Owner Joanne Gardner said the remodeling, which is pending final approval from the borough, will transform the property at 729 Haddon Avenue into an additional, 36-to-40-seat dining room for The Pop Shop, while adding another 32 to 36 patio seats along its Washington Avenue face.

“What we learned during COVID is outside dining is something that’s not going to leave,” Gardner said. “[Diners are]  going to want it forever. We’ll use the room as additional seating in the front of the restaurant, as well as being able to close it off and use it for small parties and business meetings.”

Gardner and her husband Gary had previously partnered with Pop Shop founders Bill Fisher and Connie Correia on its Medford location. They purchased the brand from Fisher and Correia in 2019, and made some improvements to the Collingswood storefront at that time.

Since then, the Gardners have also updated the party room at the Collingswood restaurant to include a buffet station for larger gatherings—something that’s been unusable under restrictions enacted during the novel coronavirus (COVID-19) pandemic.

If approved, their renovations would seal off the Haddon Avenue entrance to El Sitio, funneling foot traffic through the main entrance of The Pop Shop. Inside, customers would enter the expanded dining space through a planned set of French doors. The new room could accommodate a private party of 25 to 30 people, for which Joanne Gardner said the restaurant has had plenty of requests.

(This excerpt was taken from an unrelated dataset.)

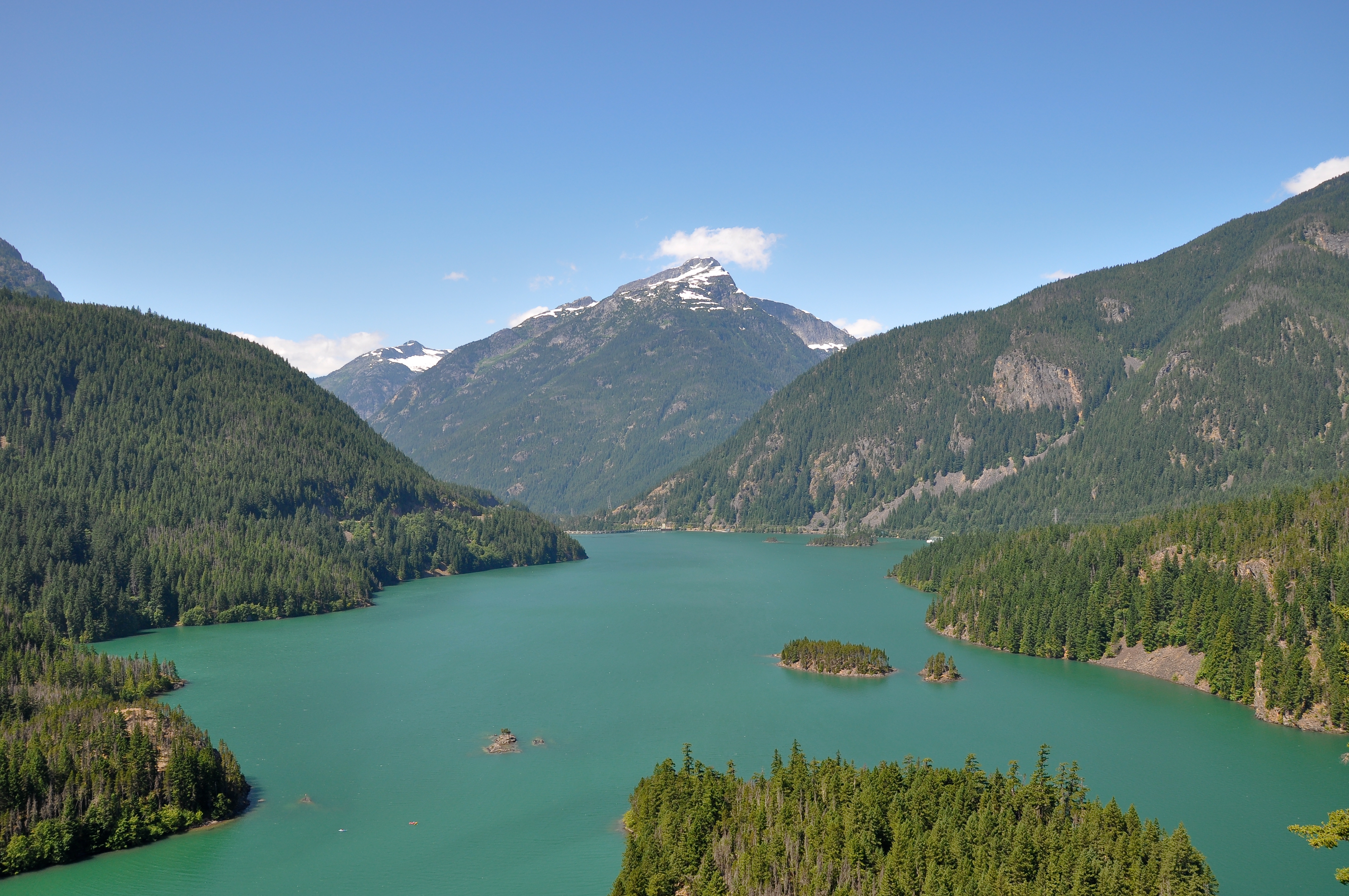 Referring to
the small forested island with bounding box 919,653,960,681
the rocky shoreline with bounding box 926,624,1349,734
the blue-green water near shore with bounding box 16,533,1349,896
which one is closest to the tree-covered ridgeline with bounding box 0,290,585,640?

Members of the area entertainment industry gathered in The Pop Shop party room for a discussion on the New Jersey film and digital media jobs act (11-24-18). Credit: Matt Skoufalos.

“In the last three weeks, the calls for parties has been surprising,” she said.

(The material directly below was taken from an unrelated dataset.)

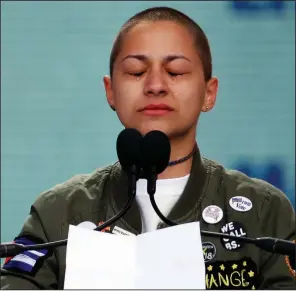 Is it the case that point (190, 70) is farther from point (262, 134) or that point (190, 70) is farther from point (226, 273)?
point (262, 134)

“Little kids want parties; mothers want baby showers.”

The added square-footage also will allow The Pop Shop to accommodate socially-distanced indoor diners.

With restaurants and retailers only recently allowed to welcome 35 percent of their capacity limits (up from 20 percent prior to February 4), those establishments with more physical space have been able to salvage some additional business.

(That thinking was behind Pop Shop neighbor Occasionette‘s acquisition of a secondary storefront, The Joy Shop, across the street in advance of the 2020 holiday shopping season.)

Nonetheless, Joanne Gardner said the impact of the pandemic on the restaurant is “difficult beyond anything I ever expected to happen.

“Sales are probably down 60 percent; maybe some days more,” she said. “Costs are the same, but we can’t book parties, which are a huge part of the Pop Shop. When there was takeout, unfortunately, we had no outdoor dining, and that hugely impacted us.

“All of these things together, now with having El Sitio, I think it’s going to be a great thing for us,” Joanne Gardner said. “I am hoping that at someday we are 100 percent again.”

If everything goes as planned, the Pop Shop could be welcoming guests in its new dining room within a couple of weeks.